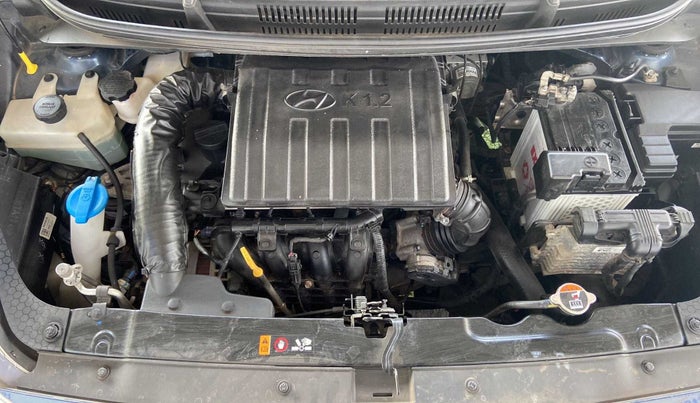2019 Hyundai GRAND I10 NIOS SPORTZ AMT 1.2 KAPPA VTVT, Petrol, Automatic, 44,662 km, Open Bonet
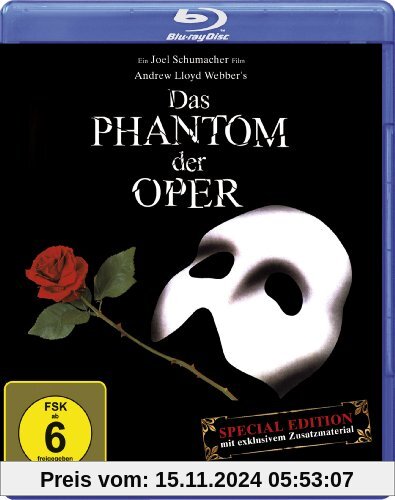 Das Phantom der Oper [Blu-ray] [Special Edition]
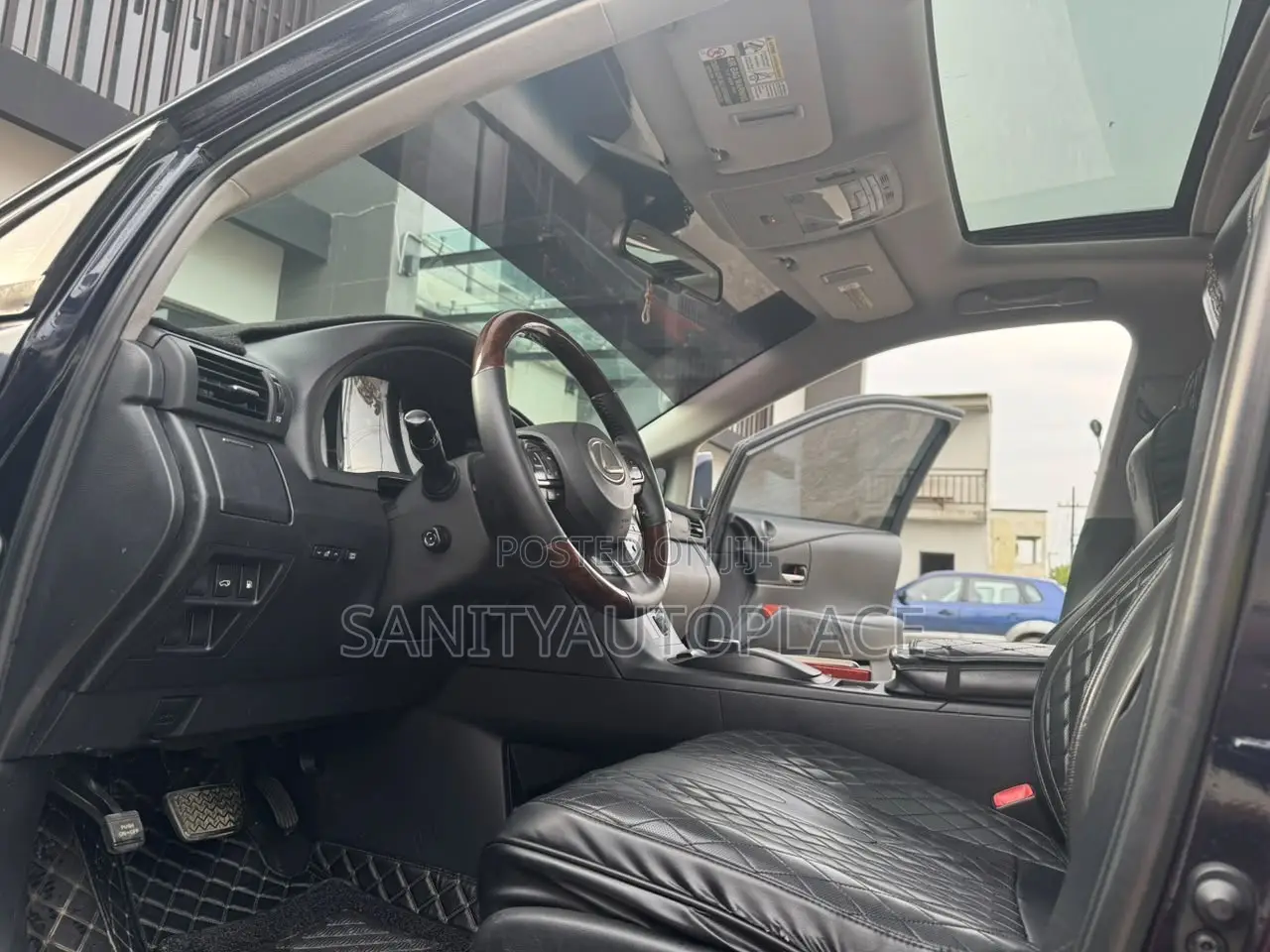 Lexus RX 350 2011 Blue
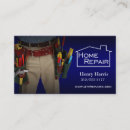 Search for mr fix it business cards Repairman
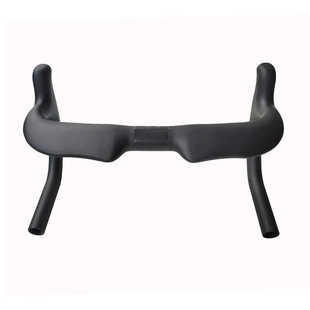 场地车把全碳纤维弯把竞速训练拉力赛计时死飞赛车TT把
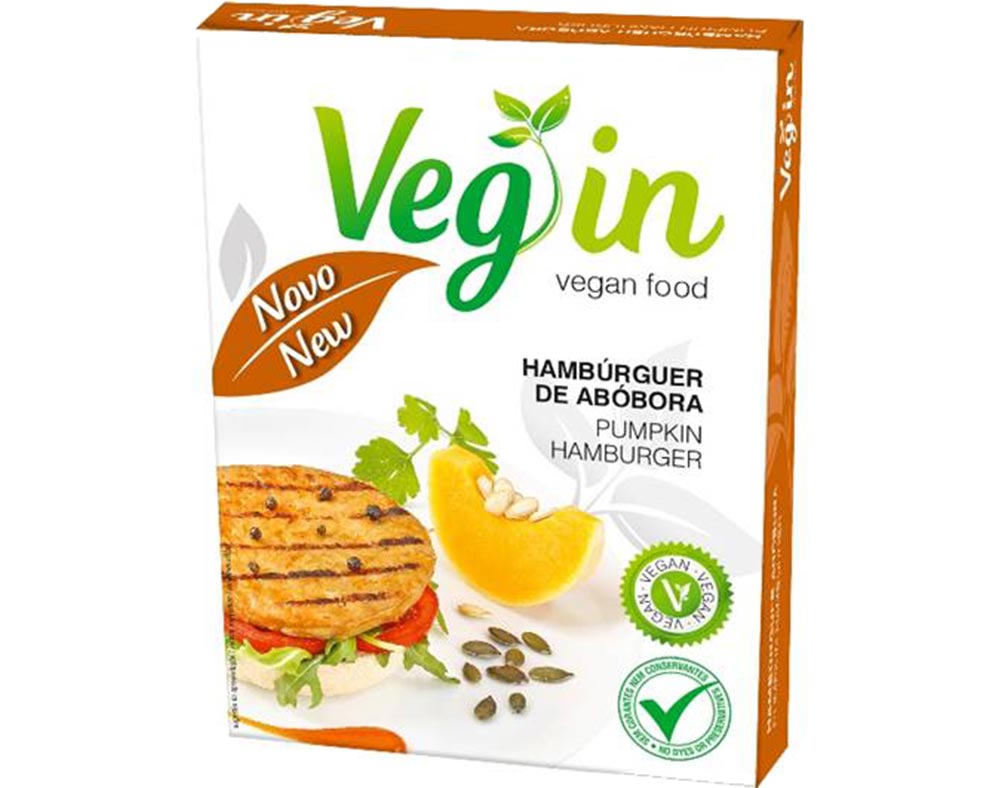 HAMBURGUER VEG IN ABÓBORA 2X80G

---

PROBLEM REQUIREMENTS
Copy only the lines running from the one that holds "Search for mr" through the last line of the data, and include both of those lines. Do not copy any pictures.

EXERCISE OUTPUT
 Search for mr fix it business cards Repairman
 场地车把全碳纤维弯把竞速训练拉力赛计时死飞赛车TT把
 HAMBURGUER VEG IN ABÓBORA 2X80G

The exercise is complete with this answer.